President Lee Orders ‘Zero-Base’ Overhaul of Startup Regulations
During a Cabinet meeting on February 3, President Lee Jae-myung called for a complete reexamination of Korea’s startup regulations, saying:
“We must lower the threshold for entrepreneurship so that anyone with an idea can start a business, and we must back this with bold institutional reforms and funding support.”
The directive follows growing concern over structural job losses in the age of artificial intelligence. Lee’s administration sees entrepreneurship as both an economic and societal response—encouraging citizens to build new businesses amid labor automation and market transformation.
The President’s remarks have been met with cautious optimism across the venture and startup community, which hopes that this time, Korea’s reform pledges will move beyond political rhetoric and deliver structural change.
A History of Regulatory Reform Fatigue
For decades, each Korean administration has pledged to “free innovation” through deregulation, yet founders say those efforts rarely survive beyond the policy announcement phase.
The regulatory sandbox system, once promoted as a symbol of innovation, has faced mounting criticism for being too temporary and bureaucratic. Delayed approvals, short exemption periods, and conditional reviews have left many startups struggling to scale beyond the pilot stage. Not to mention the lack of protection and guaranteed path beyond experimental phase once these sandboxes proved a success.

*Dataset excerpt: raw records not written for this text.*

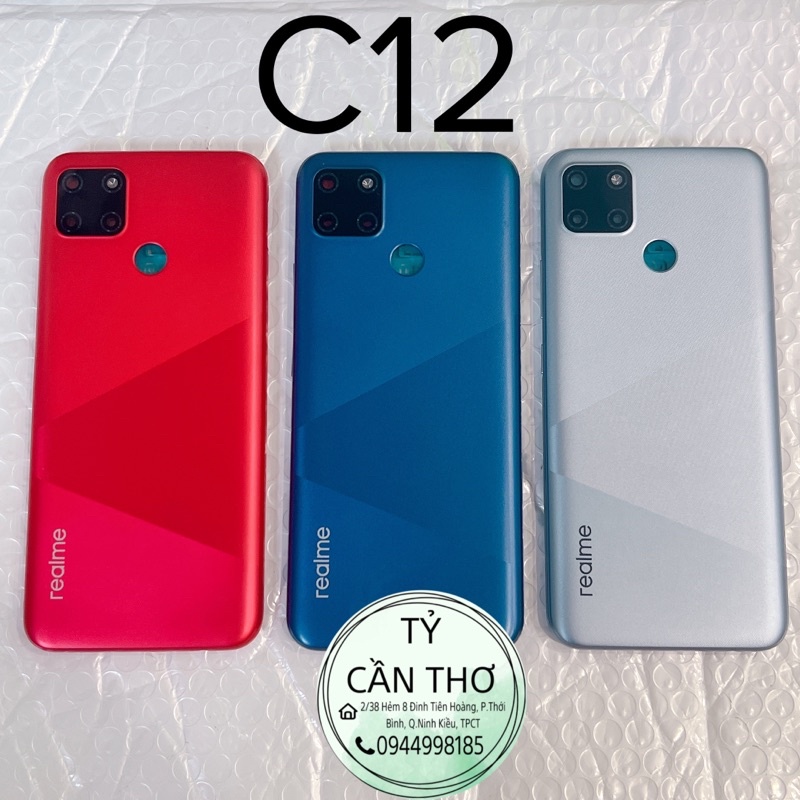 Bộ vỏ sườn Realme C11, C12, C15, C20 trừ khay sim mới ken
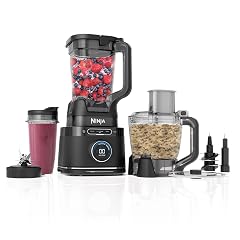 Ninja R-TB401 Detect Kitchen System Power Blender Plus Processor Pro with BlendSense Technology Black - Certified Refurbished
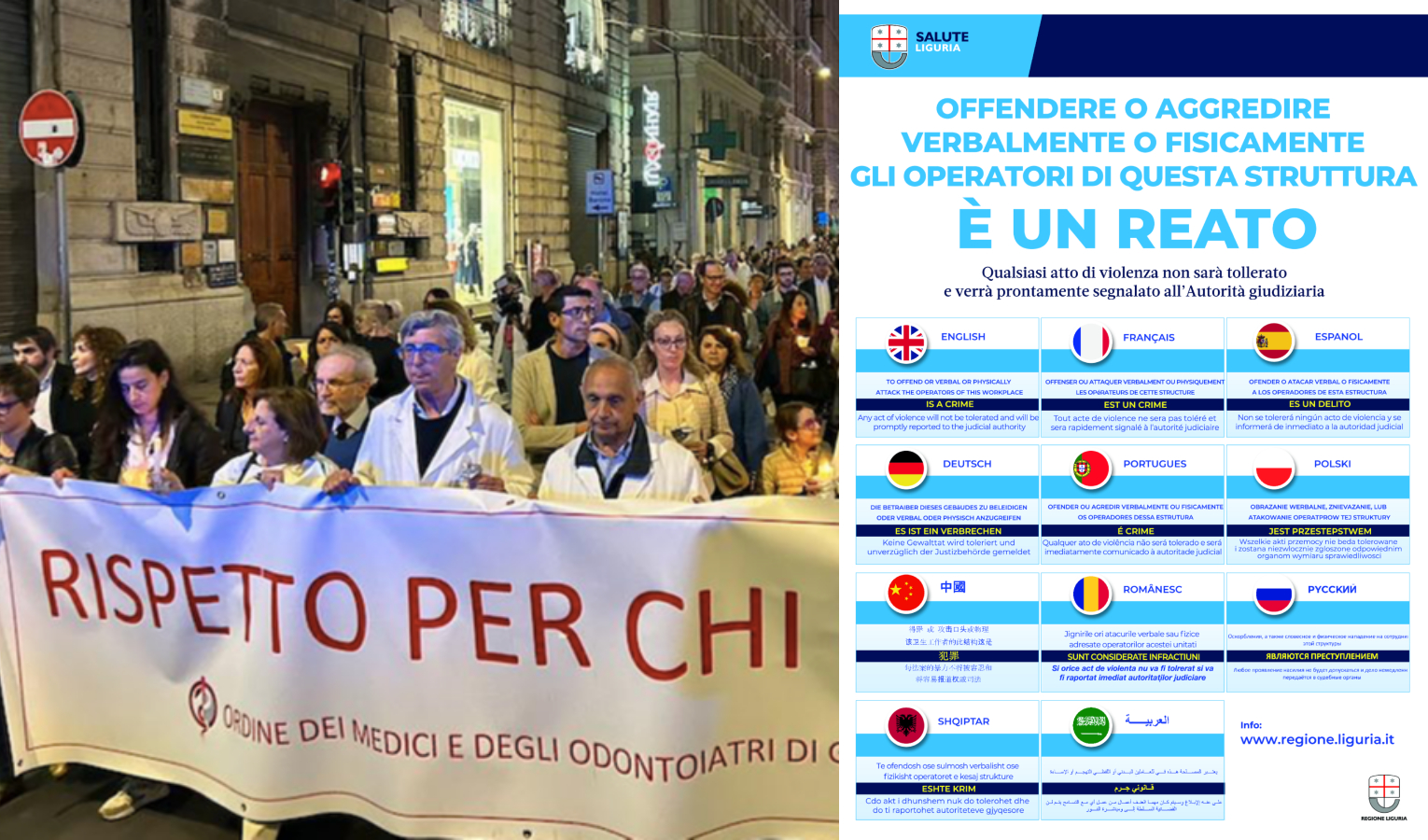 In Liguria nel 2023 già 331 aggressioni a personale sanitario: arriva cartello negli ospedali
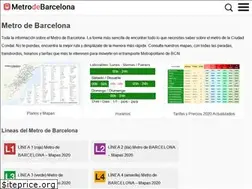 Sites similar to metrodebarcelona.com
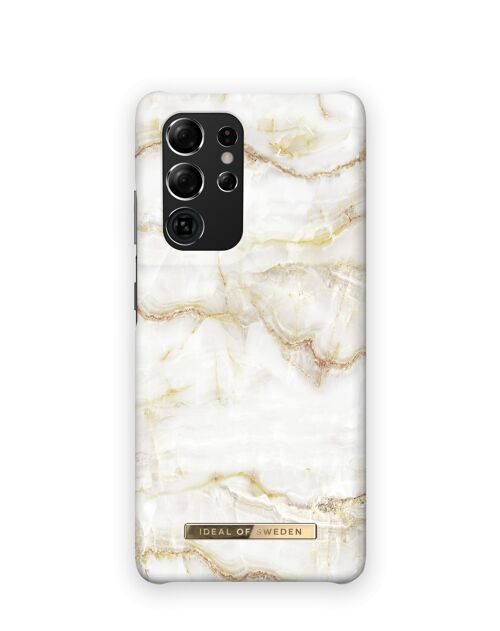 Fashion Case Galaxy S21 Ultra Golden Pearl Marble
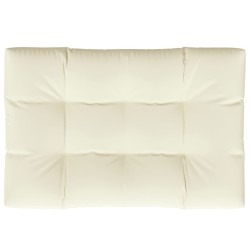 Coussin de palette crème 120x80x12 cm tissu 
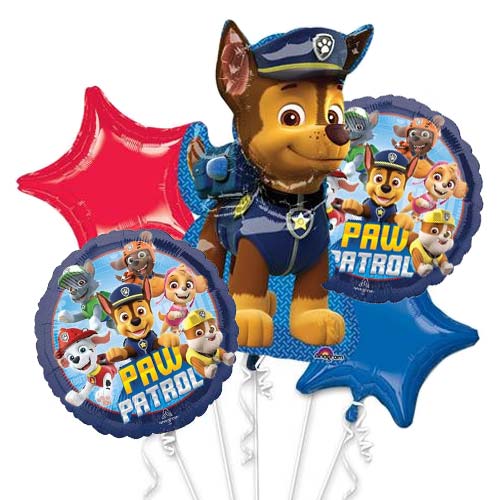 Paw Patrol Chase Balloon Bouquet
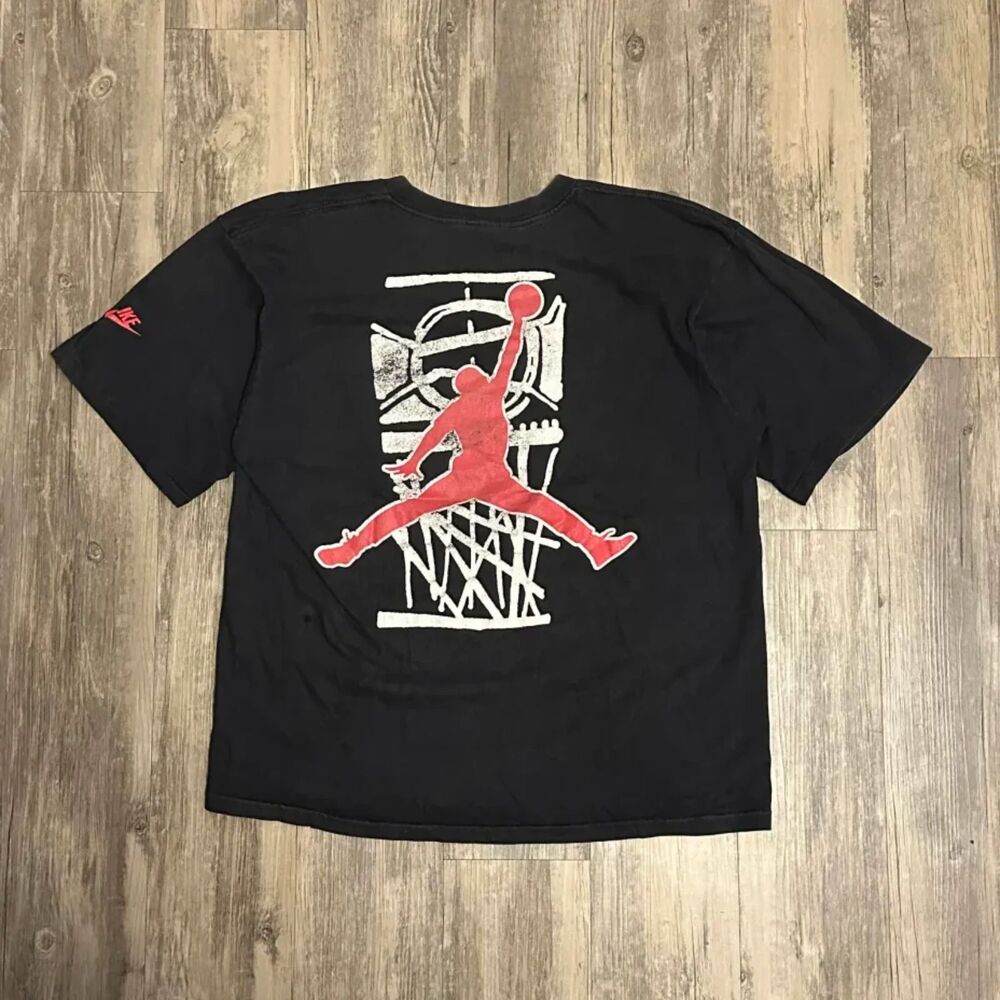 Vintage 90s Authentic By Nike Jordan T-Shirt Size XL MJ Basketball Bulls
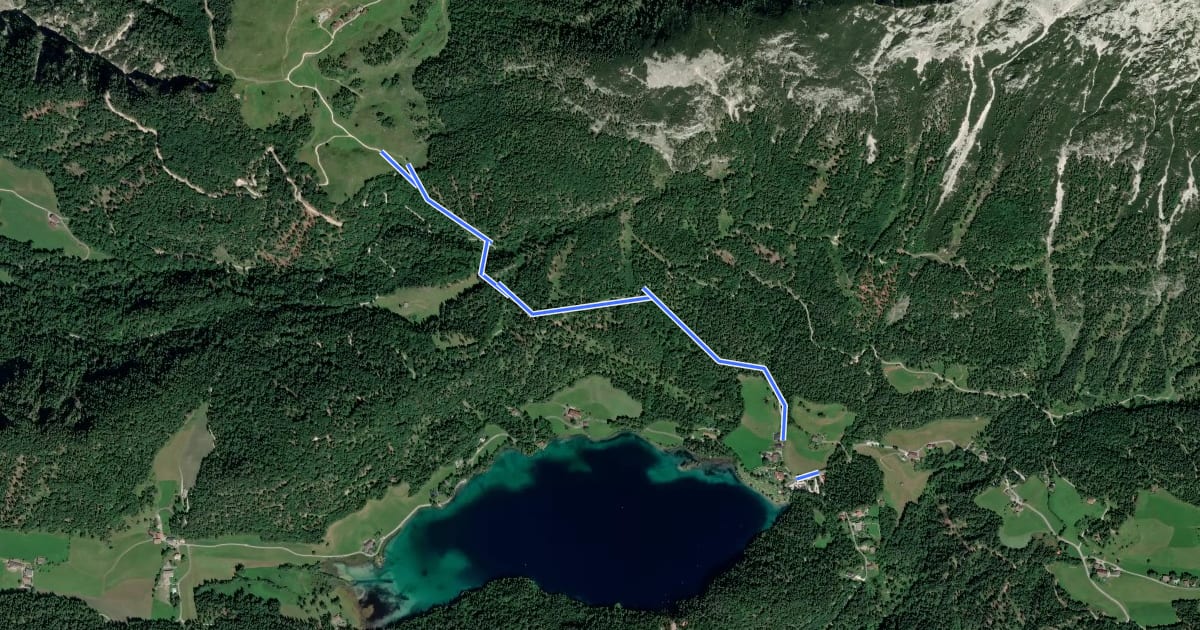 Маршрут Wanderweg 45a - Wilder Kaiser на спутниковом снимке
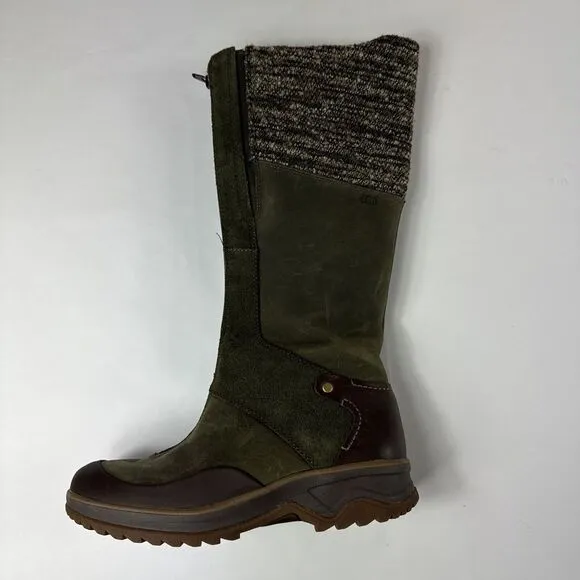 Merrell Womens 7 Green Eventyr Bungee Cord 42366 Mid-Calf Active Heat Boots Warm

According to a recent survey by the Korea Employers Federation (KEF), 64.3% of startups under seven years old said they faced business restrictions due to regulatory hurdles. The top pain points were entry and licensing barriers (49.7%) and labor restrictions such as the 52-hour workweek (49%).

This pattern of limited follow-through has eroded confidence in Korea’s policy execution. Founders describe a “cycle of declaration and disappointment,” where regulatory reform is announced as vision but implemented as procedure.
Startups Demand Sustainable Change
Industry voices stress that real reform must move beyond temporary exemptions toward permanent institutional redesign.
A senior startup association member noted:
“If zero-base regulation is to mean anything, it must produce tangible results—actual law amendments and lasting system reforms. Otherwise, it risks becoming another symbolic slogan.”
The Korea Startup Forum (KOSPO) and the Korea Venture Business Association (KOVA) have repeatedly called for a shift from positive to negative regulation—a model that allows all activities except those explicitly banned. They also advocate for the institutionalization of sandbox rules, ensuring continuous operational rights for verified innovators rather than time-limited permits.
Without such structural safeguards, industry leaders warn that new ventures will continue to face barriers once their business models collide with established sectors.
Why Zero-Base Regulation Matters Now
The timing of Lee’s initiative is critical. Korea’s innovation momentum has been shaken by a string of high-profile cases where policy failed to protect early innovators.
Mobility startup TADA, legal-tech platform LawTalk, STO sandbox Lucentblock, and telemedicine provider DoctorNow each became symbols of how vested interests can outmaneuver reform efforts.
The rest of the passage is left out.